Showing posts with label economics. Show all posts
Showing posts with label economics. Show all posts

Thursday, December 5, 2013

Racing Downhill

More bad news for most of us this week, with a federal judge ruling that Detroit can go into bankruptcy and cut pensions, Illinois legislators voting on a bill to cut pensions there, another judge ruling that employers can force employees to arbitrate and not have an option of class action suits.

I have a deeply ambivalent relationship to public employee unions.  While I believe very strongly in the right to form a union and collectively bargain, public employee unions have much better luck gaming the system by making contributions to the politicians who then determine how much money to give the union workers.  In the private sector, an independent labor union can't game the system, at least not this way.  In the private sector too often the interests of my representative are more aligned with the unions than the public purse.

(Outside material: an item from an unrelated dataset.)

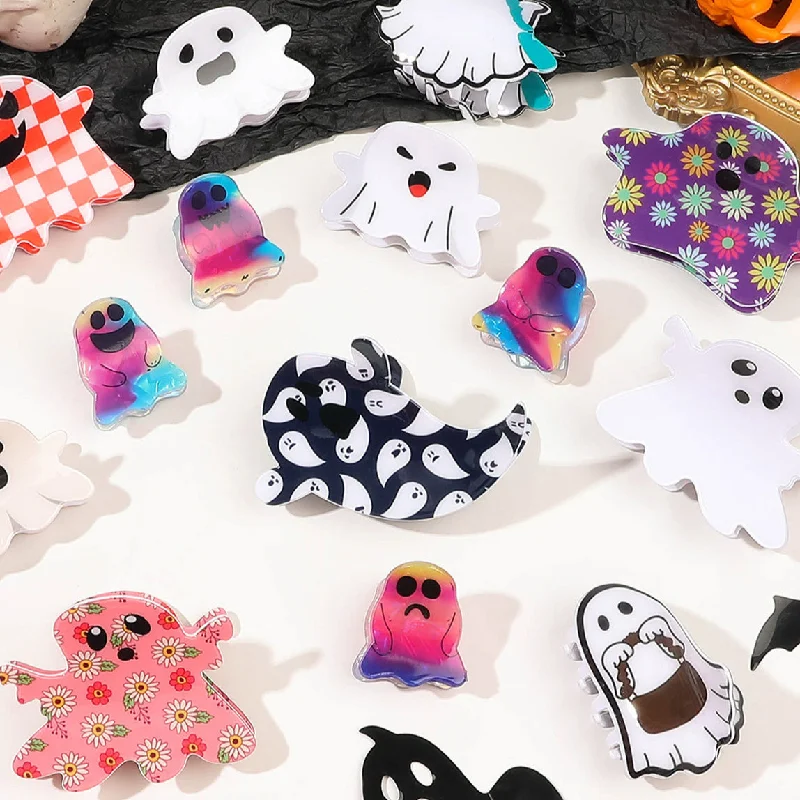 Wholesale Ghost Expression Halloween Hair Clip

But that said, the attack on benefits that were won in negotiations reflects a distressing tendency in public life these days, which is to solve your problems by making everyone else as miserable as you are.  Your employer's dumped your pension in favor of some 401-K?  Well, you can't get your 401-K back but you can cheer on as someone else's pension gets dumped too!  Yay!  Win!

Sorry, it's not.

If you think it is, you might enjoy reading this Rolling Stone article about how we're "saving" pensions by giving money to Wall Street.

So in Detroit, a lot of not very rich people, many of whom are still living in Detroit, are going to see their retirement income cut, which will reduce what they can spend, which will reduce the economy in Detroit, which is going to save Detroit.  For the most part, these people aren't the people who made any of the decisions on what contract terms to agree to, on how to fund pensions, they're innocent bystanders who are going to be hurt.

While states and localities across the country are cutting back pensions left and right, they are engaged in madcap competitions to give Boeing hundreds of millions of dollars in tax breaks and other incentives to encourage them to locate an assembly line for a new version of the 777 in their state.  Boeing makes billions of dollars, and it wasn't enough to have the State of Washington give billions of dollars in tax breaks if the unions for the skilled workers who build the planes didn't agree to share in the "sacrifice" of these billions of dollars in profits and tax breaks for the company by agreeing to givebacks.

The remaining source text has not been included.